One of the biggest tests of leadership is how you act in times of setbacks and adversity. Some of us beam, some buckle (but hold), others break. What makes tough times even tougher is that there's often an element of unfairness to it. Maybe somebody has wronged you, a circumstance has occurred over which you have no control, the system is inherently biased against you, or others are getting preferential treatment.
Thriving in adversity is also difficult because your energy, resources, and support might be depleted by the mere fact that that's what adversity does. Maybe fighting through setbacks tests you and your will, taunts you, tortures you until you want to call it quits.
The point is there are a variety of reasons it's called adversity, and a variety of outcomes based on how you choose to handle it. Running through it all is one common thread, a brutal truth that you must eventually embrace if you want to plow through setbacks and succeed.
No one cares. Work harder.
After this past weekend's Baltimore Ravens game, the emerging favorite to win the league MVP, quarterback Lamar Jackson, attended the post-game press conference with a t-shirt on that boldly pronounced this painful truth: No one cares. Work harder.
It's not the first time I've encountered this sentiment. In my book Make It Matter, I shared the story of Mark Shapiro, who was then president of Major League Baseball's Cleveland Indians organization. In an interview, Shapiro told me that once he was attending a friend's wedding; his friend happened to be marrying the daughter of NFL coaching legend Bill Parcells.
Shapiro was talking to the coach and lamenting about how his Indians team was devastated by injuries and an aging player roster. Parcells interrupted Shapiro with an abrupt piece of advice: "Mark, nobody gives a s---!" He repeated his advice again to Shapiro at the wedding reception and a third time in the restroom. Shapiro said he never forget the lesson as he took it: "leaders must lead, there must be unswerving accountability, and there are no excuses."
I've personally learned this lesson, too. Many times. I've had moments on more than one occasion throughout my career where I forgot this lesson, where I played the victim, where I became overly focused on what was happening to me, where I spent too much energy on offering excuses and explanations and fighting to right the wrongs being done to me. I was lamenting, not leading.
Here's why this is very powerful advice, even if it's harsh.
First the hard part of the advice-- it implies no one cares. Which is 100 percent true. But not because we're all evil. Think about it for a moment, in times of adversity and setbacks, odds are that everyone around you is going through some things, too. It's not personal, it's not that no one cares about you as a person. They just don't care about your circumstances because they have their own to worry about.
You don't have to like it, but you do have to live with it. And it's true for everybody in every situation. Well, with one exception: if you're a workaholic whose family is begging you to be more present for them, then "No one cares. Work harder" is misguided, terrible advice. But for just about every other situation, it's a universally applicable sentiment. So take strength in numbers.

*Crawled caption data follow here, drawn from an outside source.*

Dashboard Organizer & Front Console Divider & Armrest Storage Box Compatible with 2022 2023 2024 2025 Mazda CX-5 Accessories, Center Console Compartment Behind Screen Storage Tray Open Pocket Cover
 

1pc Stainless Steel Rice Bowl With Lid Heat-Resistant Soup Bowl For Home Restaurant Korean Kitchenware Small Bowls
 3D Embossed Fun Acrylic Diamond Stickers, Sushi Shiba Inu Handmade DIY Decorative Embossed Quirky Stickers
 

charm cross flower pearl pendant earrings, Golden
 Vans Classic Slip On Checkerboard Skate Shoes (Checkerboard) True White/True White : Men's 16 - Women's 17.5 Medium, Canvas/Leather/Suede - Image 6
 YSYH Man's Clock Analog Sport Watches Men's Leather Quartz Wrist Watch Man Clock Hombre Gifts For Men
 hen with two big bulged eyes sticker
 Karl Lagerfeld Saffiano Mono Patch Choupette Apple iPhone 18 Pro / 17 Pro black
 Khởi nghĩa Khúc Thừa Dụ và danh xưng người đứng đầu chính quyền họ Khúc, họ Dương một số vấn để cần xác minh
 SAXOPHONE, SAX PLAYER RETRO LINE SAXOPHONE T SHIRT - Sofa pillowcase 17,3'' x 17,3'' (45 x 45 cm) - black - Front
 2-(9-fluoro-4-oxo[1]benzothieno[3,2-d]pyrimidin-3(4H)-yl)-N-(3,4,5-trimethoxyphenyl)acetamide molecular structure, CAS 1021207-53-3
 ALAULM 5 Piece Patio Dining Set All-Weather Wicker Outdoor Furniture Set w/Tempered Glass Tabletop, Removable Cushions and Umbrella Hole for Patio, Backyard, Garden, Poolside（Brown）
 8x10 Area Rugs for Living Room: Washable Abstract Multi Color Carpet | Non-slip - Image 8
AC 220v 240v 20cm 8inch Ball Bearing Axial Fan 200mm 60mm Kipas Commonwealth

Now the second part of the advice-- work harder. That's the more helpful bit. Underlying this is likely another layer of truth. Think back to the last time you were in a circumstance where you found yourself lashing out at others, making excuses, or playing the frustrated victim. If you're honest with yourself, isn't it true that if you spent less time complaining and bemoaning and more time getting down to business and rolling up your sleeves to work harder, smarter, or just plain differently, it would have helped? I'm betting, yes. As hard as that might be to admit.
So while being admonished to work harder might feel harsh, it gets you back to solution mode, to something you can control (your effort level) instead of focusing on what you can't. You thus instantly take back at least some level of personal power, which is far better than feeling powerless.